━━ Recorded data

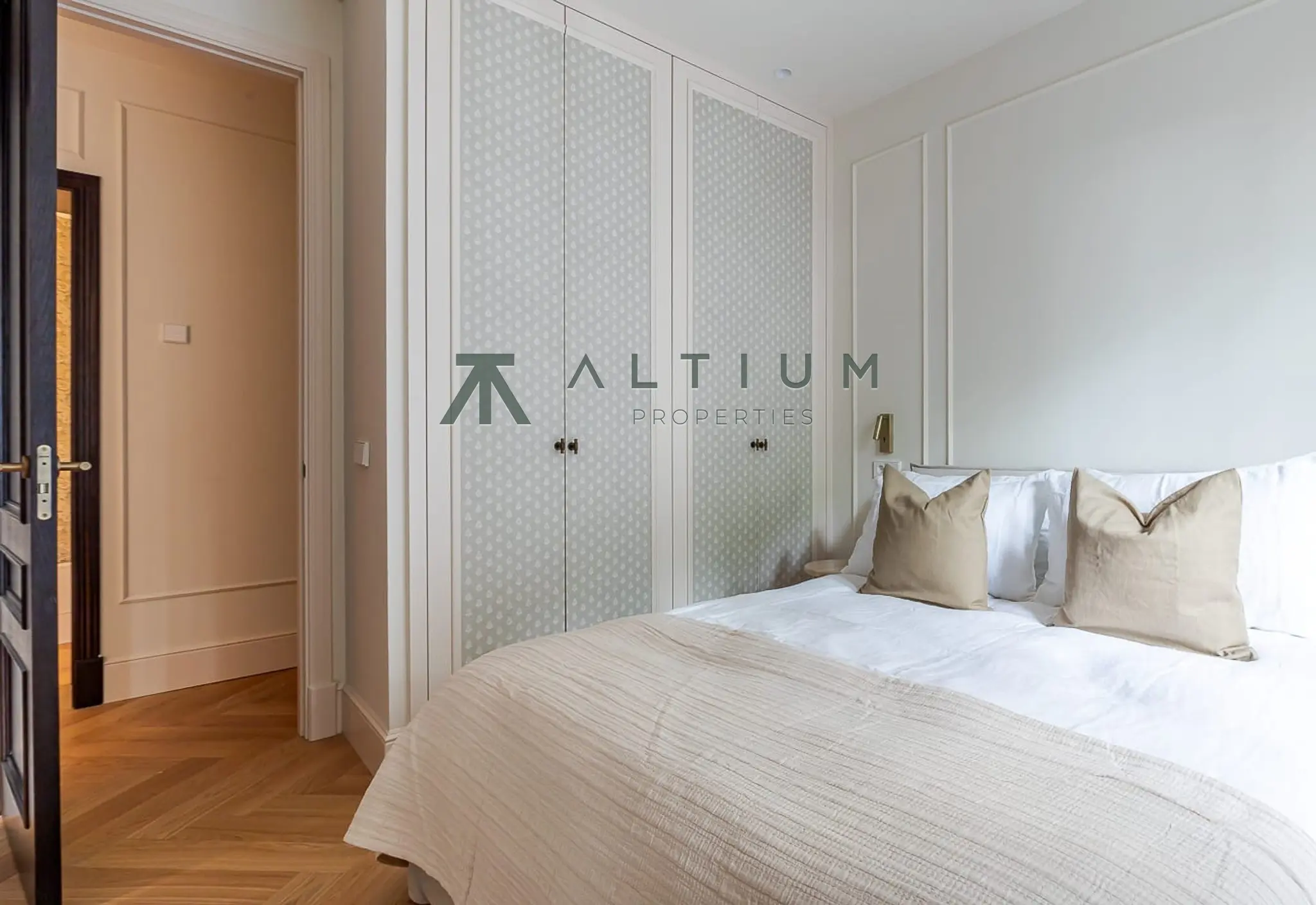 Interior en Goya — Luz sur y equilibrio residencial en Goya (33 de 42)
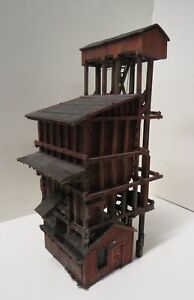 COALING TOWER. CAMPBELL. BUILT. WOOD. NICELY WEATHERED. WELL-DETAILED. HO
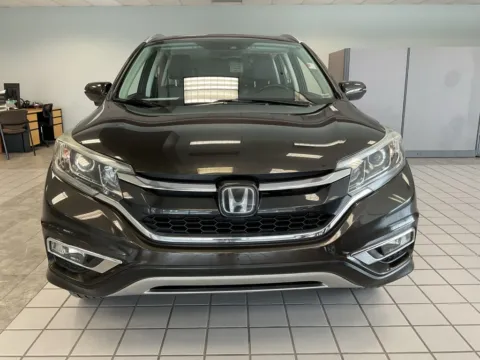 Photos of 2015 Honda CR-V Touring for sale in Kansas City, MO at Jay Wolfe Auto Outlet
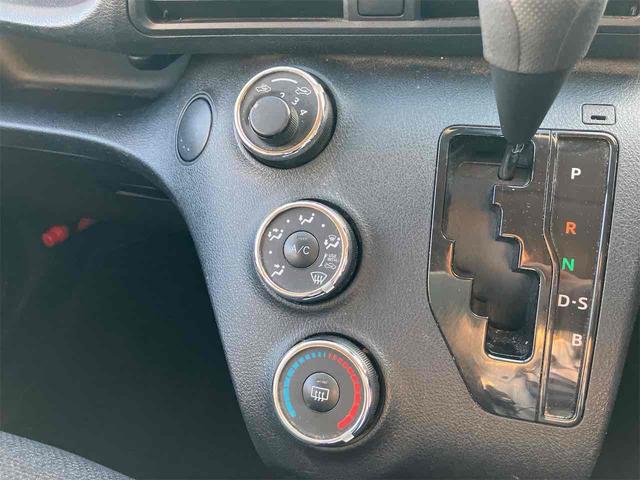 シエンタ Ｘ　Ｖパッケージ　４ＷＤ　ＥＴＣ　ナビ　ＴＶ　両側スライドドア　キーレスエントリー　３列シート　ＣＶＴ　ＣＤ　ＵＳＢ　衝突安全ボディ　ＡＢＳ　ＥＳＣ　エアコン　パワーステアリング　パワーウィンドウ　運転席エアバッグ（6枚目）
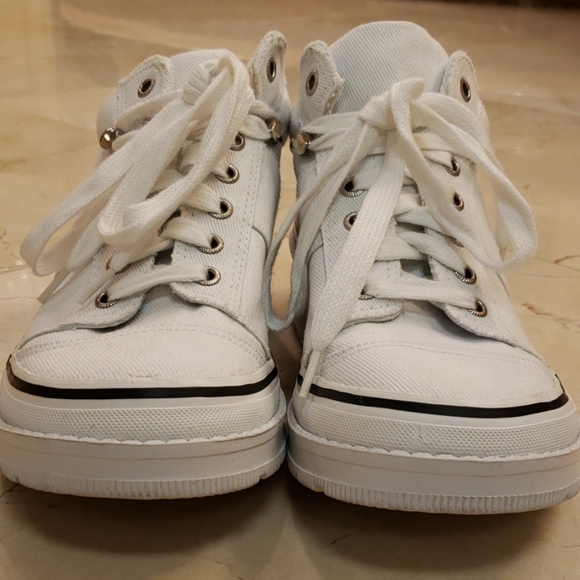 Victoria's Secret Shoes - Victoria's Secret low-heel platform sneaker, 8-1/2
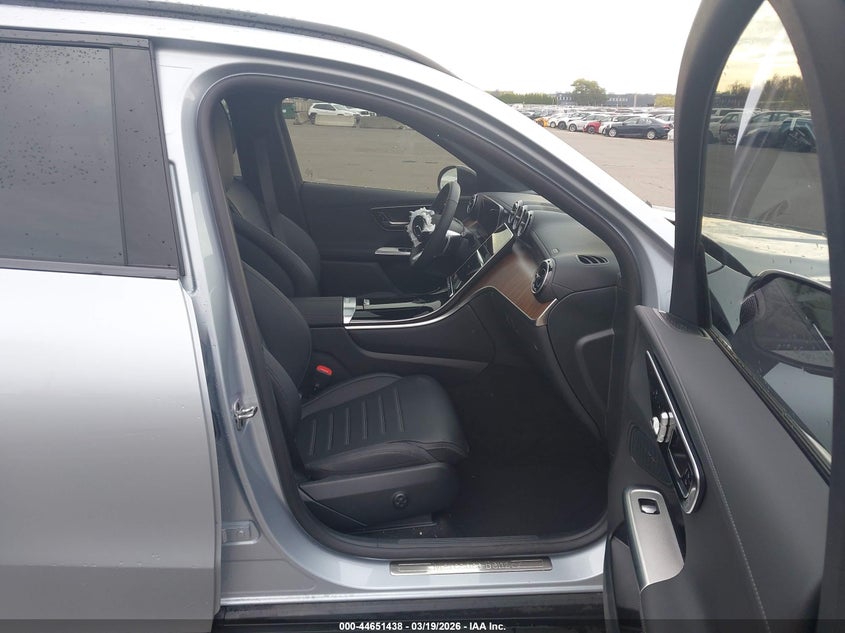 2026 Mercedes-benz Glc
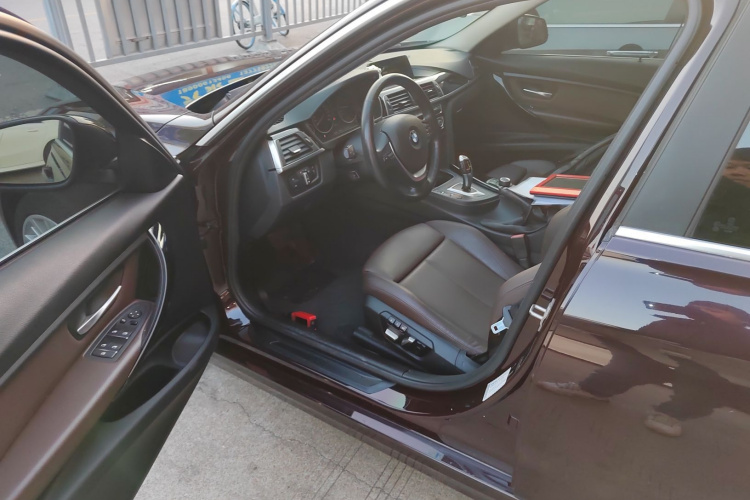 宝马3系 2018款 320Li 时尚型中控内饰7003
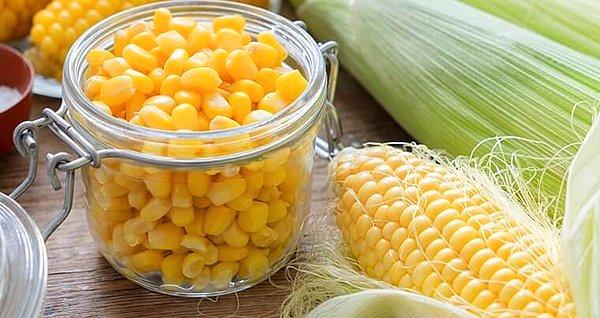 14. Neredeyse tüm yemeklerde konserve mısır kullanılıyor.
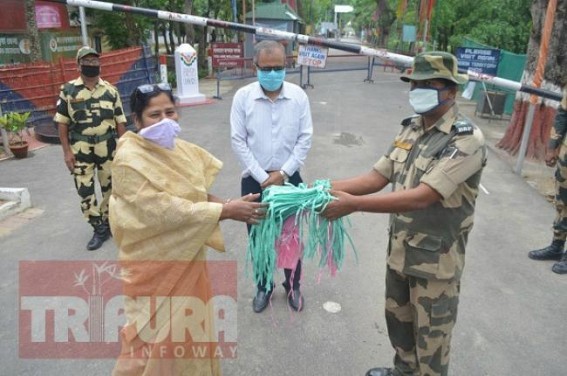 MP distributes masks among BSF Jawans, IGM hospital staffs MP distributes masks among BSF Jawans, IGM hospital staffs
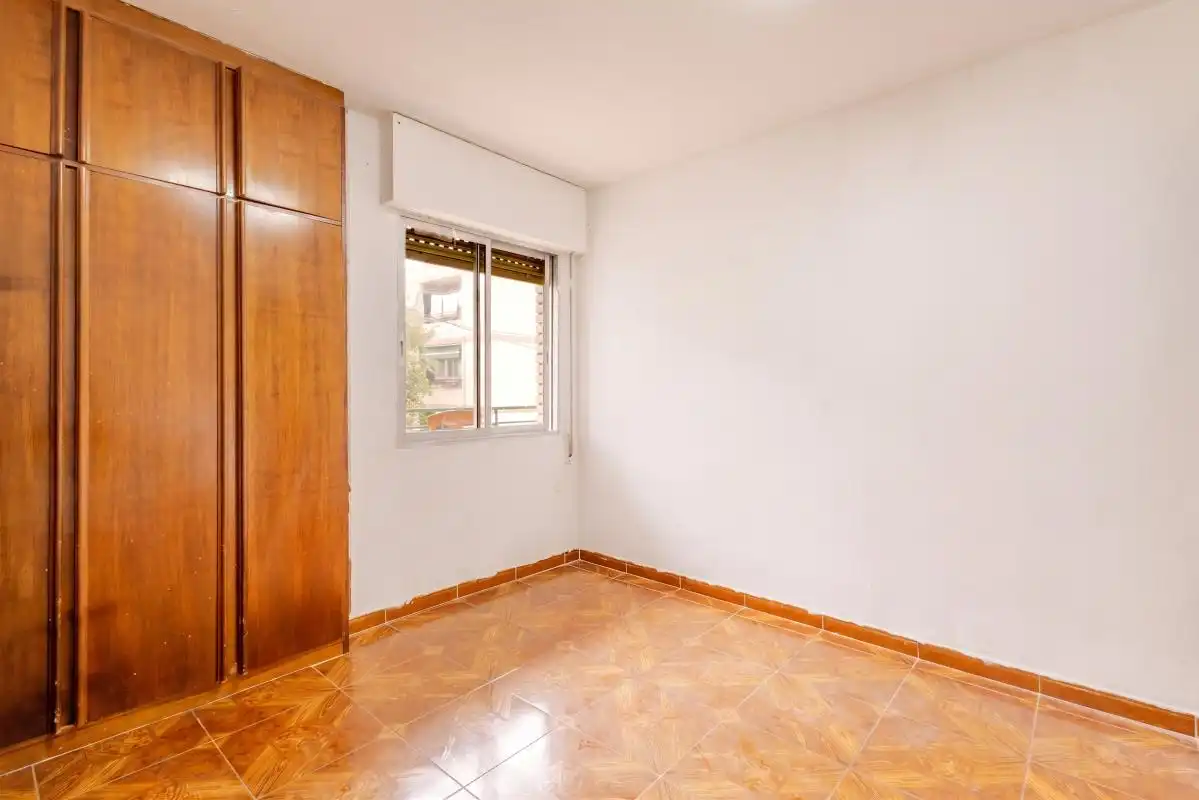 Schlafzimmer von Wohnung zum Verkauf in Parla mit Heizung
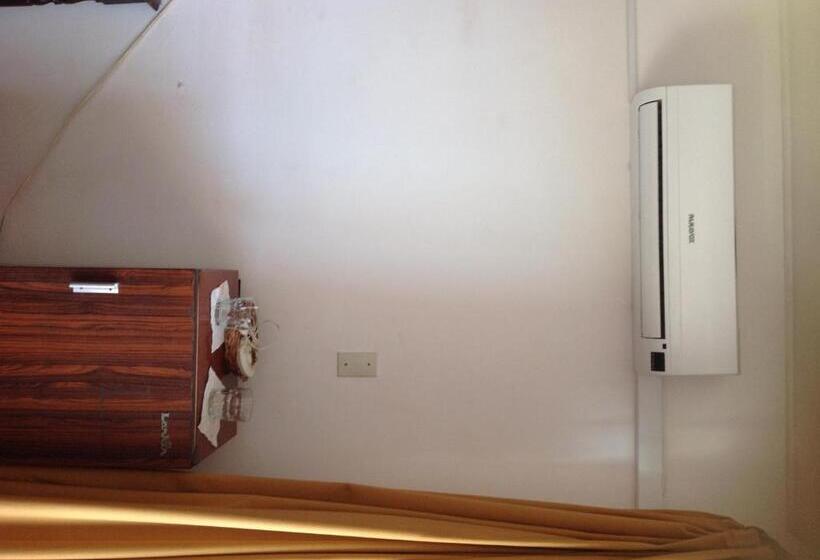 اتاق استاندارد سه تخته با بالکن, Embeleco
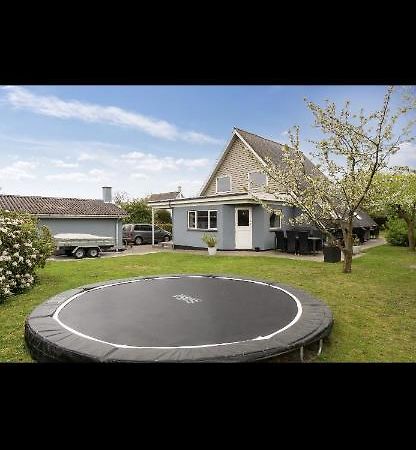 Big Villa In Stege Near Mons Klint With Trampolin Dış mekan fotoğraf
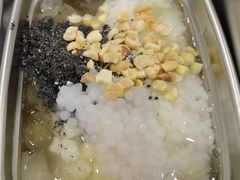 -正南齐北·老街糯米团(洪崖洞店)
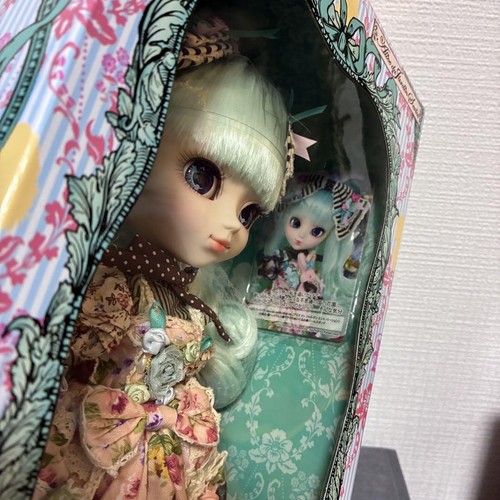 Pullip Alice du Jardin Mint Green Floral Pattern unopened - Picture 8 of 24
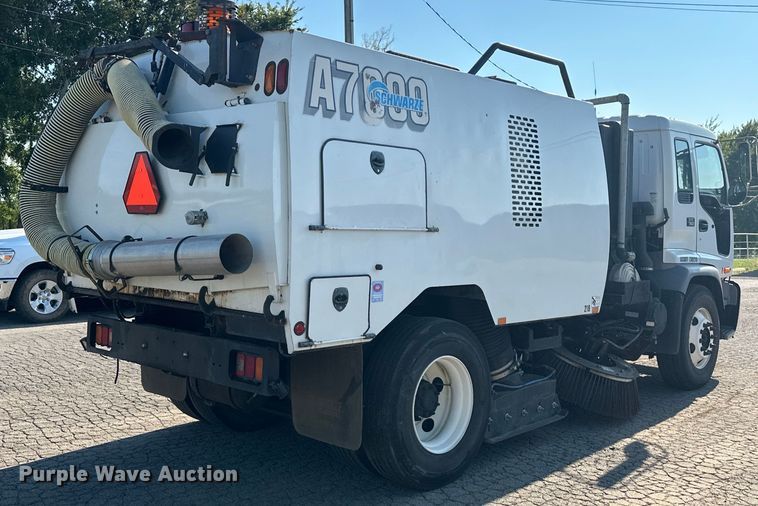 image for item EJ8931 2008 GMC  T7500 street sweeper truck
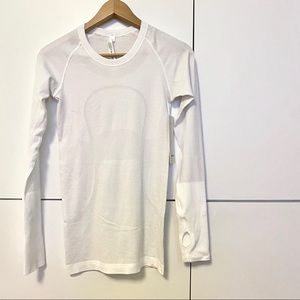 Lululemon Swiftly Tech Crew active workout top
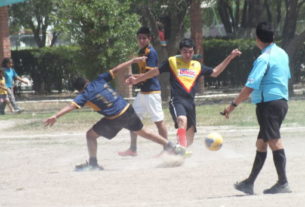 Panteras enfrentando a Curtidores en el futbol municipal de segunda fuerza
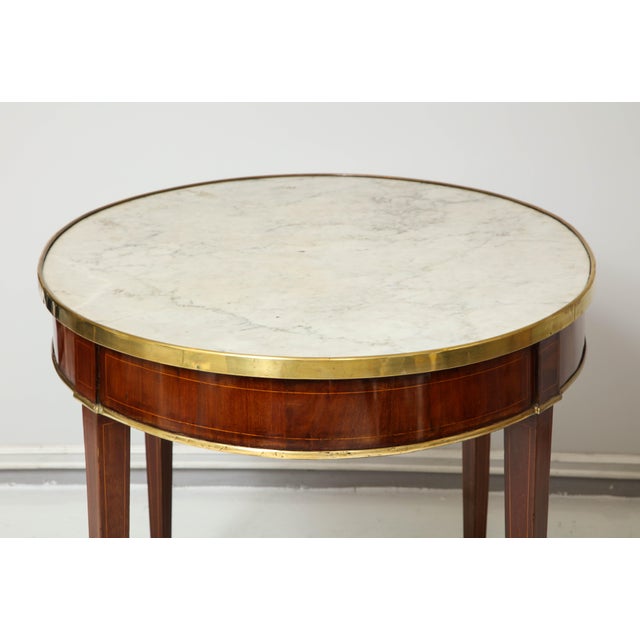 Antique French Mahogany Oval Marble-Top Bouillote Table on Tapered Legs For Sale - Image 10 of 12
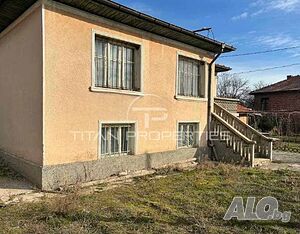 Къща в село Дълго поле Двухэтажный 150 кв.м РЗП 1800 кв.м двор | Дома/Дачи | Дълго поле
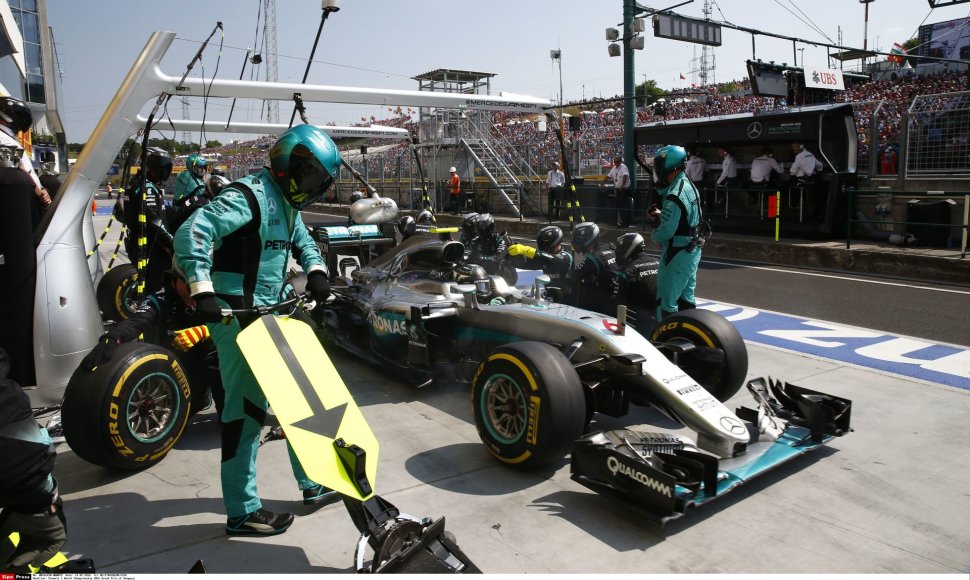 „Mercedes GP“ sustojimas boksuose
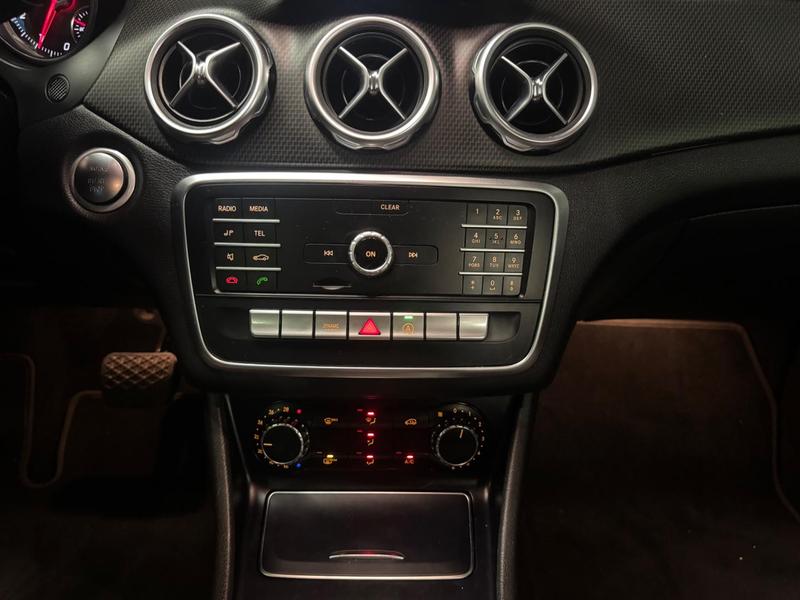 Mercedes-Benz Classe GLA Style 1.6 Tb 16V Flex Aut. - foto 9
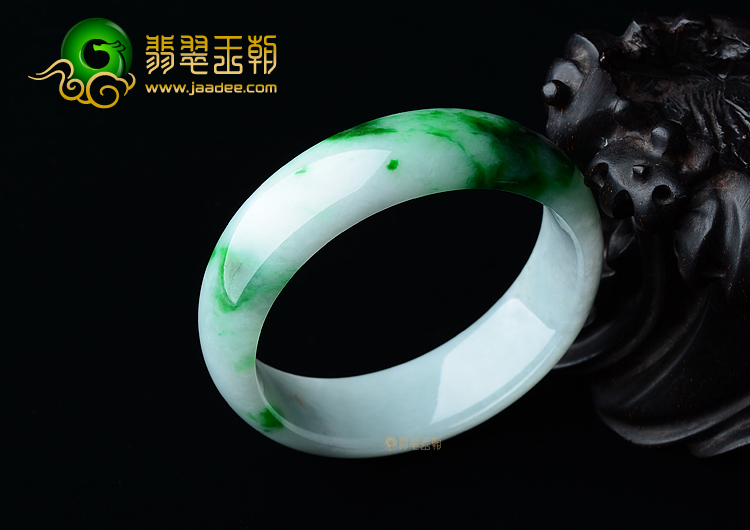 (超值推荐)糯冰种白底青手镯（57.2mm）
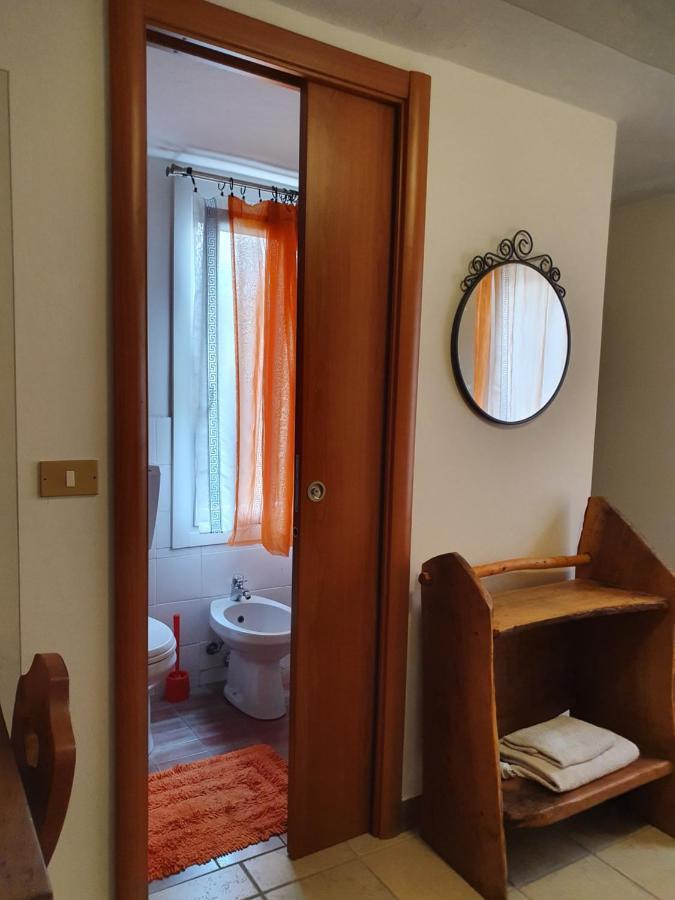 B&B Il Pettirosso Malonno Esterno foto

━━━━

◆ Work request ◆
Reproduce every line of the material above, but drop the pictures.

◆ Result below ◆
 Interior en Goya — Luz sur y equilibrio residencial en Goya (33 de 42)
 COALING TOWER. CAMPBELL. BUILT. WOOD. NICELY WEATHERED. WELL-DETAILED. HO
 Photos of 2015 Honda CR-V Touring for sale in Kansas City, MO at Jay Wolfe Auto Outlet
 シエンタ Ｘ　Ｖパッケージ　４ＷＤ　ＥＴＣ　ナビ　ＴＶ　両側スライドドア　キーレスエントリー　３列シート　ＣＶＴ　ＣＤ　ＵＳＢ　衝突安全ボディ　ＡＢＳ　ＥＳＣ　エアコン　パワーステアリング　パワーウィンドウ　運転席エアバッグ（6枚目）
 Victoria's Secret Shoes - Victoria's Secret low-heel platform sneaker, 8-1/2
 2026 Mercedes-benz Glc
 宝马3系 2018款 320Li 时尚型中控内饰7003
 14. Neredeyse tüm yemeklerde konserve mısır kullanılıyor.
 MP distributes masks among BSF Jawans, IGM hospital staffs MP distributes masks among BSF Jawans, IGM hospital staffs
 Schlafzimmer von Wohnung zum Verkauf in Parla mit Heizung
 اتاق استاندارد سه تخته با بالکن, Embeleco
 Big Villa In Stege Near Mons Klint With Trampolin Dış mekan fotoğraf
 -正南齐北·老街糯米团(洪崖洞店)
 Pullip Alice du Jardin Mint Green Floral Pattern unopened - Picture 8 of 24
 image for item EJ8931 2008 GMC  T7500 street sweeper truck
 Lululemon Swiftly Tech Crew active workout top
 Panteras enfrentando a Curtidores en el futbol municipal de segunda fuerza
 Antique French Mahogany Oval Marble-Top Bouillote Table on Tapered Legs For Sale - Image 10 of 12
 Къща в село Дълго поле Двухэтажный 150 кв.м РЗП 1800 кв.м двор | Дома/Дачи | Дълго поле
 „Mercedes GP“ sustojimas boksuose
 Mercedes-Benz Classe GLA Style 1.6 Tb 16V Flex Aut. - foto 9
 (超值推荐)糯冰种白底青手镯（57.2mm）
 B&B Il Pettirosso Malonno Esterno foto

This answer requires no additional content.